Perform your own analysis of your needs by using this checklist.

  1. Set realistic goals to be achieved. Remember that some goals may preclude the achievement of others.
  2. Work with "solution based consultants". Avoid pricing system components separately. A fee per hour basis consultant is your best non-biased contact in developing your "solution". Vendors may provide this service "free", but remember, they want to sell their product. Some vendors also have fee per hour services which will be offset against any acquisition of their products. This will generally provide a reasonable solution for you. if you decide to purchase their product, the service, in effect, becomes free.
  3. Consider all of the "costs". Remember, the purchase price is just the beginning. Compare the maintenance and operation costs over a period of years --- usually three. Consider "training" and "re-training" of experienced and new staff. Complex systems require more frequent training. By adding acquisition, training, and maintenance costs, you will arrive at your "real" cost. By knowing your actual cost, comparison of vendors and products will be much easier.
  4. Consider the life cycle of the software system. Brand new systems will obviously have longer life, but they often go through "growing pains" and frequently require adjustments and maintenance. A software system which is approaching the end of its cycle may be very reliable, but may operate on equipment that is no longer being produced (therefore increasing maintenance costs), or it may not interface with other products on the market.
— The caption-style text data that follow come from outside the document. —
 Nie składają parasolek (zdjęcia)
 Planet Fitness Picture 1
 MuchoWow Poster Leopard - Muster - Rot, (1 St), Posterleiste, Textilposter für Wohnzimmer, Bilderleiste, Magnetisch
A product which has been on the market for several years and has had several release revisions will often have most of the features you will need, will be reasonably reliable, and will generally operate on a wide variety of equipment.

    Keep in mind that the "life cycle" of a PC product may be a few months, or at most a few years. Larger systems, capable of operating on mini computers or Local Area Networks (LANS) will usually have life cycles of several years.
  5. Check on the reliability of the vendor. Some major hardware vendors have gone bankrupt in the last few years. Their equipment may be economical, but acquiring additional equipment or parts for the existing system may prove costly. The computer software industry estimates that 1/3 of the service companies are insolvent or bankrupt, 1/3 are in some sort of trouble, and 1/3 are reasonably healthy. Assure yourself that your vendor will still be around in the future to service your system. Question the firm's financial soundness. Good indicators of financial soundness are the fee charges and maintenance structure the service vendor provides. if service is a "throw- away" to ensure hardware and software sales, then limited support can be expected in the future. If fees and maintenance are very low, the vendor may be "buying" work to deter insolvency.
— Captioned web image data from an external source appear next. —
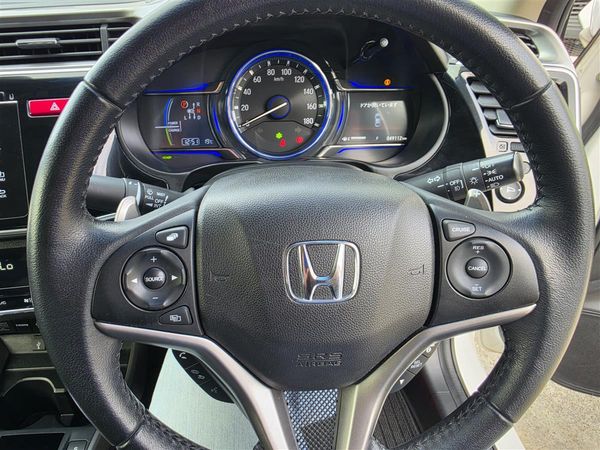 2015 Honda Grace Hybrid 1.5EX Cruise Paddle Alloys Rev Cam/Bluetooth Finance Available Carousel 12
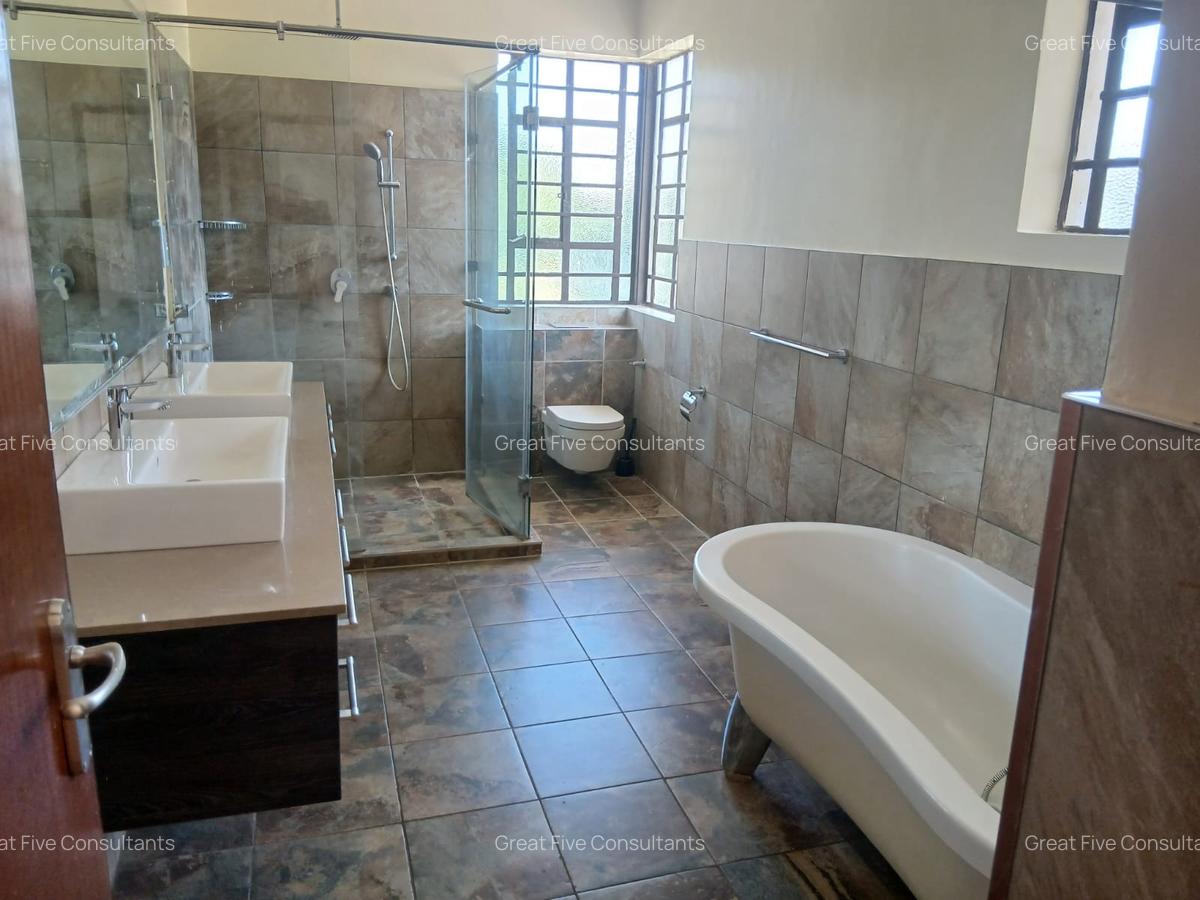 5 Bed Villa with En Suite in Westlands Area - 15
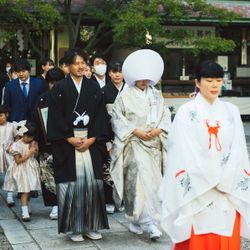 坐摩神社で挙げたmiichon_ltwinzさんの結婚披露宴・挙式カバー写真1枚目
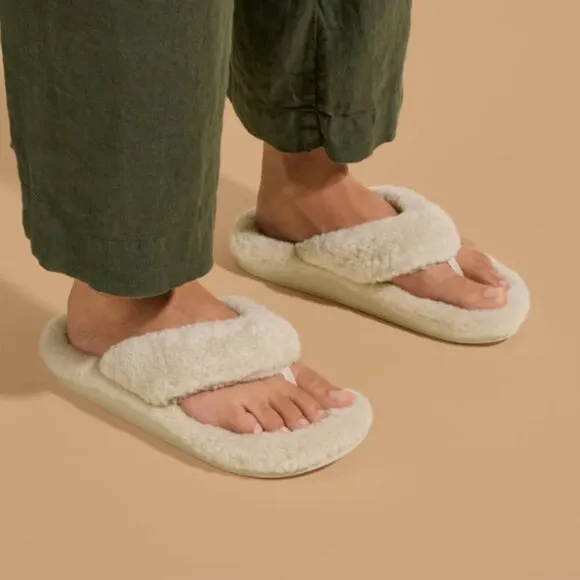 Olukai Kīpe'a Heu Women’s Fuzzy Slipper Sandals in cream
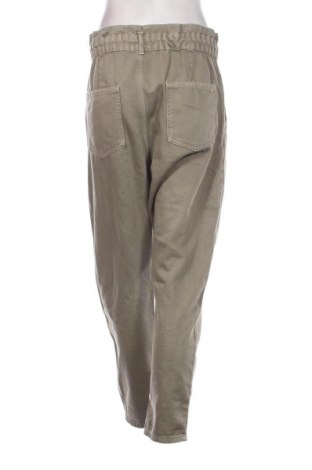 Дамски панталон Zara, Размер S, Цвят Зелен, Цена 13,77 лв.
    Review the vendor's corporate policy regarding support of their systems. is the line of products being "phased out" or placed "on the market" to be sold to another company. Check the local library for Standard and Poor's industrial Surveys for information.


The best service vendor is one which has a large, local "installed base" and derives a significant amount of their revenues from support services. Generally, they are in the "service" business rather than the "sales" business; they will be able to provide reliable quality service in the future. Lastly, look for a vendor which offers support for operating system software, hardware, and application software. An efficient service operator can coordinate all of your service needs, thereby saving you time, service charges, and a lot of headaches.